La stessa legge che ha sottratto le donne alla piaga dell’aborto clandestino, dunque, ora rischia di ricacciarcele. È una legge ambigua, sostengono le detrattrici, che afferma due diritti in contrasto tra loro, il cui bilanciamento è affidato alle alterne vicende delle politiche sanitarie regionali ed al colore dei governi che le gestiscono, oltre che al buon cuore di ginecologi e ginecologhe sempre meno interessate (il genere femminile è oggi maggioranza numerica della categoria) a fare un lavoro in più a parità di stipendio.

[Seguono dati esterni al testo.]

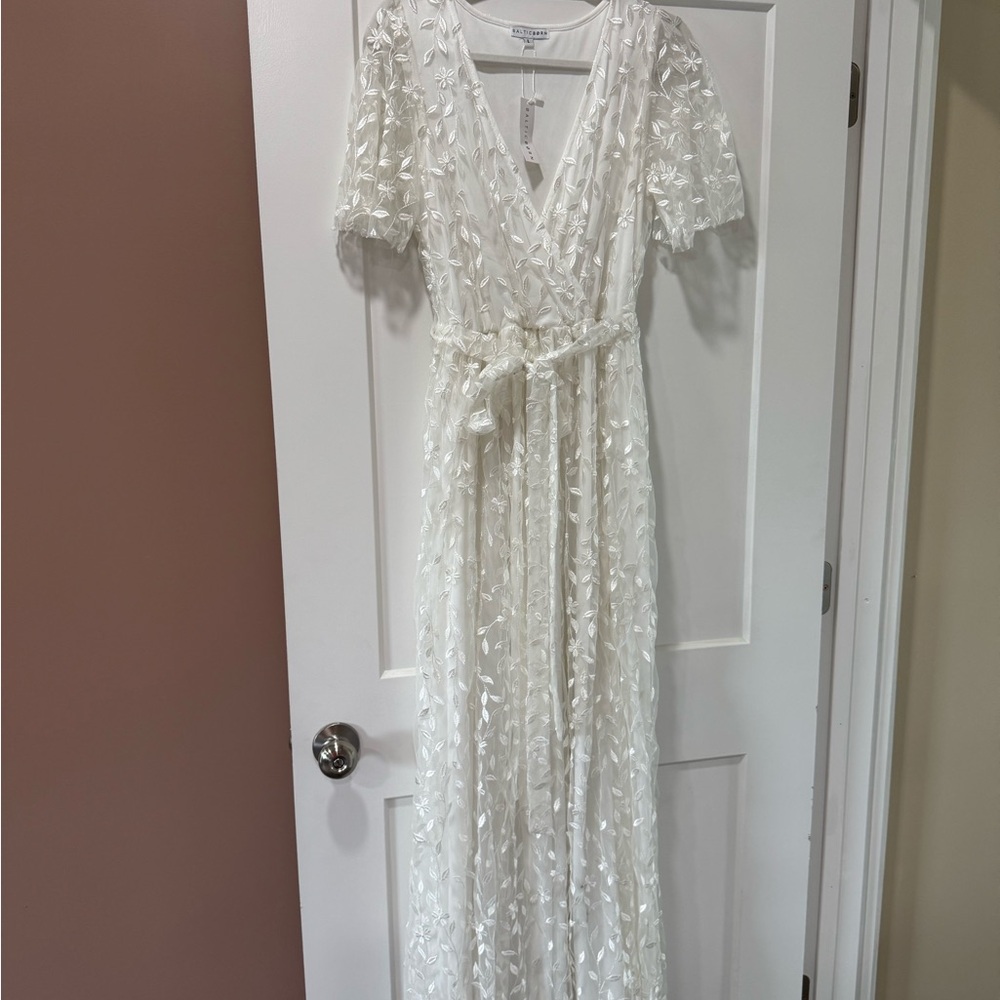 Baltic Born Ivory Floral Embroidered Dress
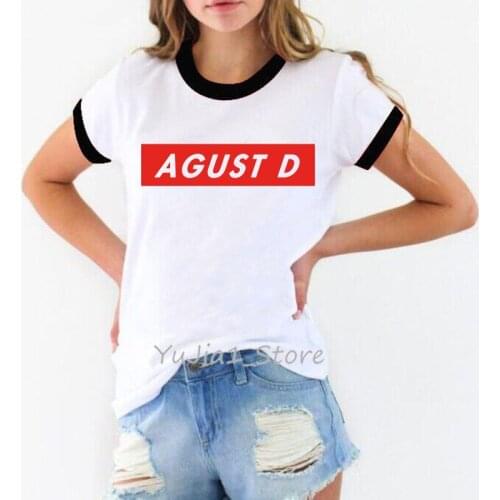 Agust D Letter Print Tshirts Women Vogue Summer Fashion T Shirt Femme Kawaii Korean Clothes Hip Hop Kpop Female T-Shirt Tops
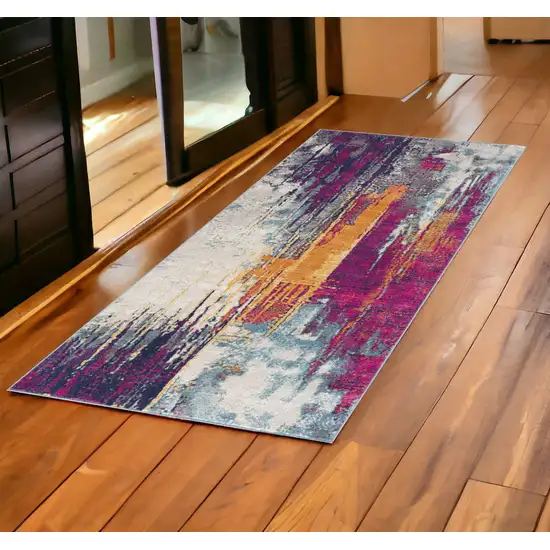 Magenta Abstract Dhurrie Area Rug Photo 1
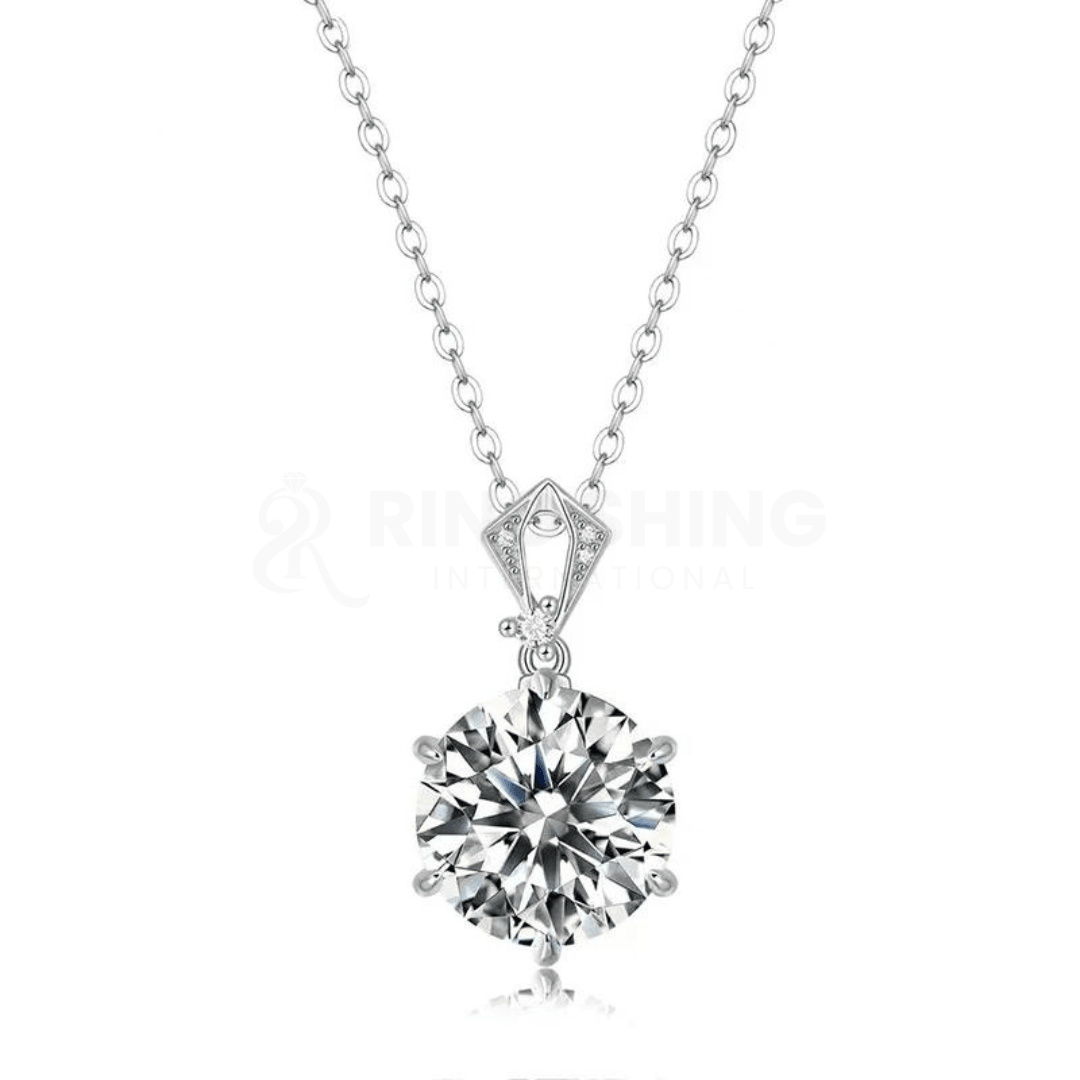 RSP 308 10.0 Carat Moissanite Diamond Pendant Rhodium Plated al-riaz jewellers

Nello schieramento in difesa e in accusa della legge 194 vi sono manifeste differenze generazionali, con le militanti più anziane schierate per “la difesa e la corretta applicazione” della legge e le più giovani pronte ad aprire campagne per la sua modifica e per l’abolizione dell’articolo 9. Solo per fare un esempio, in questo controverso 40° compleanno le donne dell’Udi dichiarano che “la legge 194 non si tocca, 40 anni di lotta per difenderla e farla applicare”, mentre le femministe di Non una di meno di Bologna aprono un dibattito “a partire dai limiti di una legge che non garantisce i nostri diritti”.
Su una cosa sono, siamo, tutte d’accordo. La legge 194 ha sancito il principio che abortire sia una scelta morale tanto quanto partorire e che all’origine della vita ci sia una donna che, in piena coscienza, dice sì. L’accettazione di questo principio, in una comunità, segna una discontinuità nella propria storia da cui è difficile tornare indietro.
Rossa è la linea che separa il lecito dall’illecito proprio lì, nel luogo più intimo e insieme politico che esista al mondo: le nostre origini, la riproduzione della vita. È un problema di vita o di morte. Lo è per un feto, certo, come ci ricordano i “camion vela” e i manifesti diffusi in oltre cento province italiane dal movimento ProVita. Del nascituro, peraltro, le donne si sono sempre preoccupate poiché alle donne, storicamente, è toccato l’onere e l’onore del lavoro riproduttivo e di cura, al quale sono state legate per obbligo di legge fin da quando il diritto latino ha codificato la maternità come mater munus, addomesticando la sessualità femminile entro la griglia della famiglia patriarcale.
Ma è un problema di vita e di morte soprattutto per le donne, come ci ricorda l’Organizzazione mondiale della sanità che calcola circa 25 milioni di aborti non sicuri in tutto il mondo ogni anno, perlopiù nei paesi in via di sviluppo. Ogni anno tra il 4,7% e il 13,2% delle morti materne può essere attribuito a un aborto pericoloso. Ancora secondo l’OMS, sono 7 milioni di donne ricoverate ogni anno in ospedale a seguito delle complicazioni che derivano da aborti clandestini, con un costo annuale stimato in 553 milioni di dollari. Emorragie, infezioni, lesioni genitali e agli organi interni sono le principali complicanze di aborti non sicuri che possono mettere in pericolo la vita di una donna.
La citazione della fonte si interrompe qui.